* [Work task] From the line containing "Las cámaras de" to the last line of the records below, transcribe everything exactly, pictures excluded.

+ + +

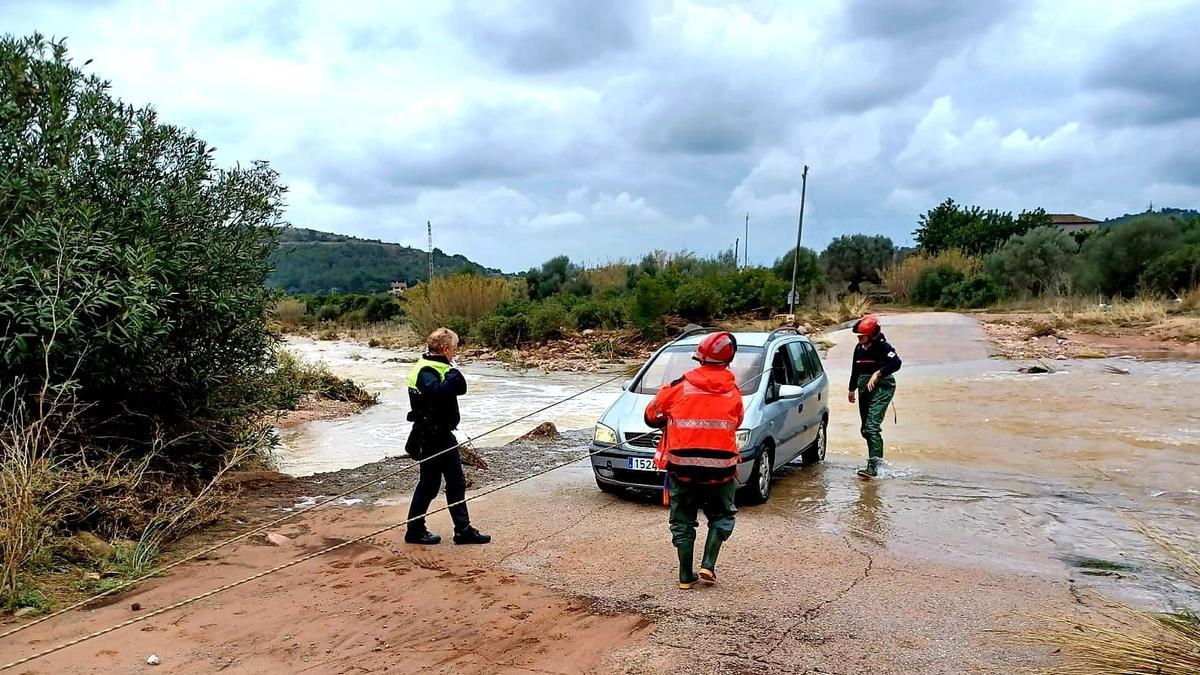 Coche atrapado en Onda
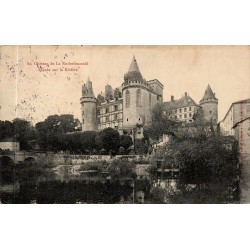 Carte postale ancienne château La Rochefoucauld façade sur rivière Tardoire
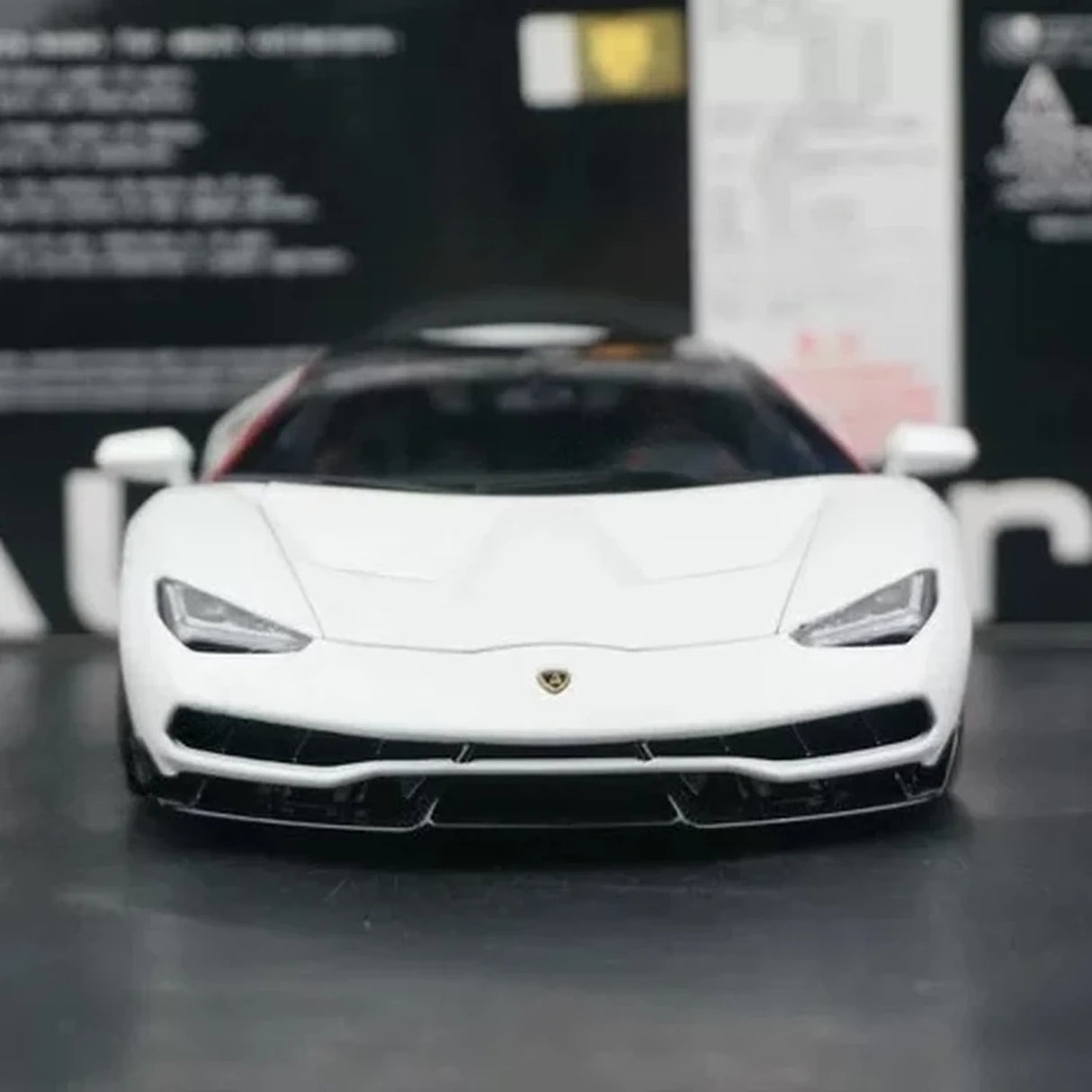 AutoArt Lamborghini 2016 سينتيناريو LP770-4 وايت 1:18 – نموذج معدني قابل للجمع مصبوب.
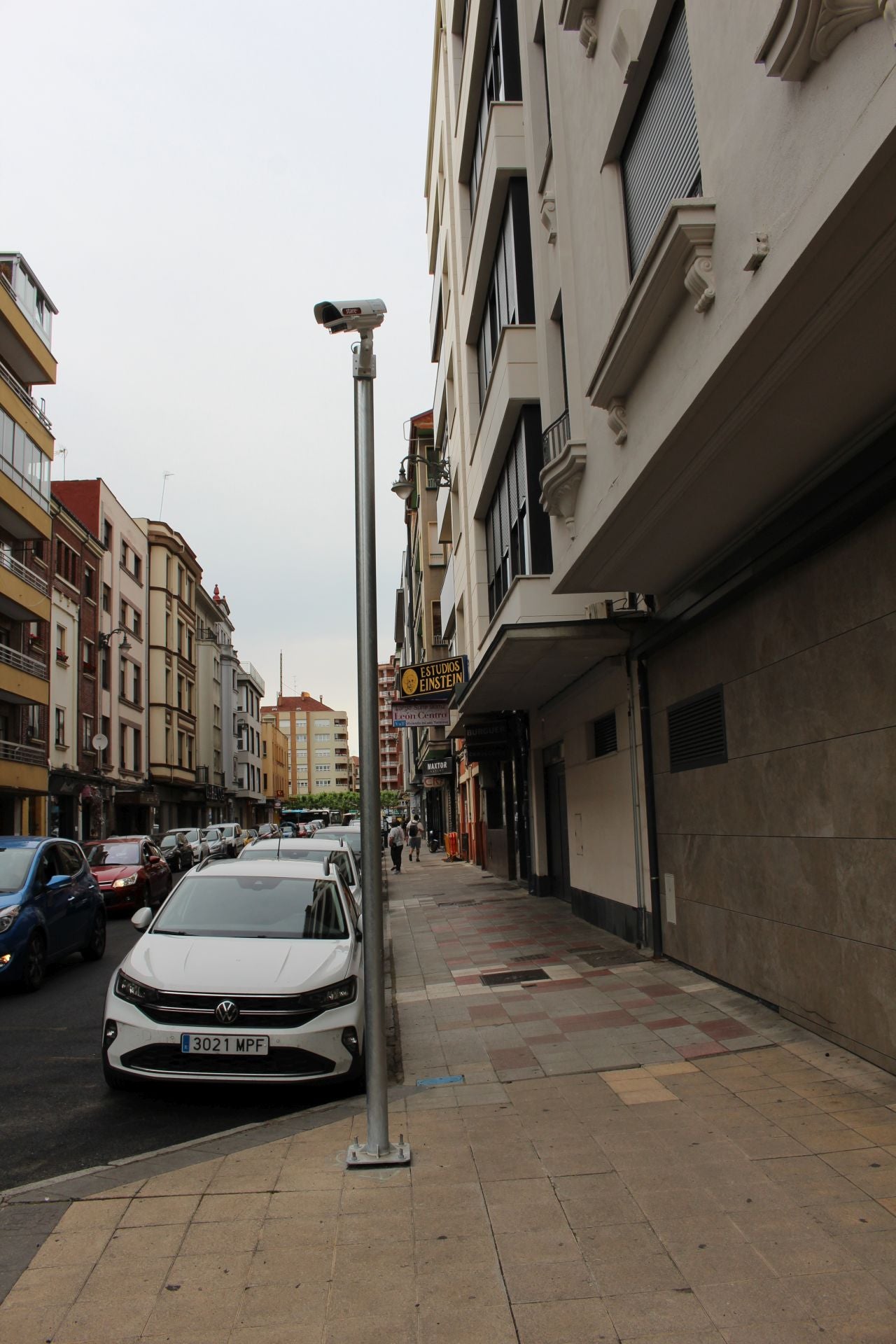 Las cámaras de la ZBE en León empiezan a instalarse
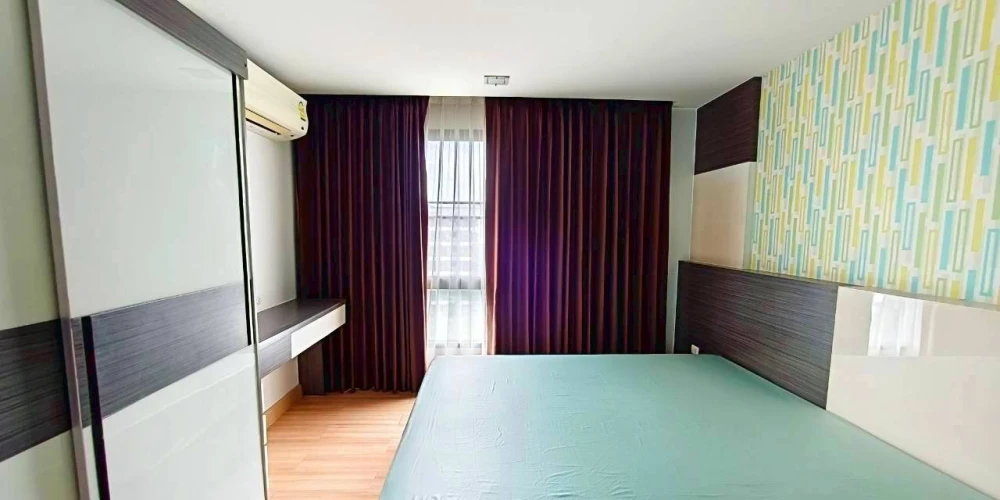 For sale: Living Avenue Bangsaen, a lovely room on the 7th floor with beautiful wallpaper. Comes fully furnished. Reserve now!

+ + +

* [Response below]
 Las cámaras de la ZBE en León empiezan a instalarse
 For sale: Living Avenue Bangsaen, a lovely room on the 7th floor with beautiful wallpaper. Comes fully furnished. Reserve now!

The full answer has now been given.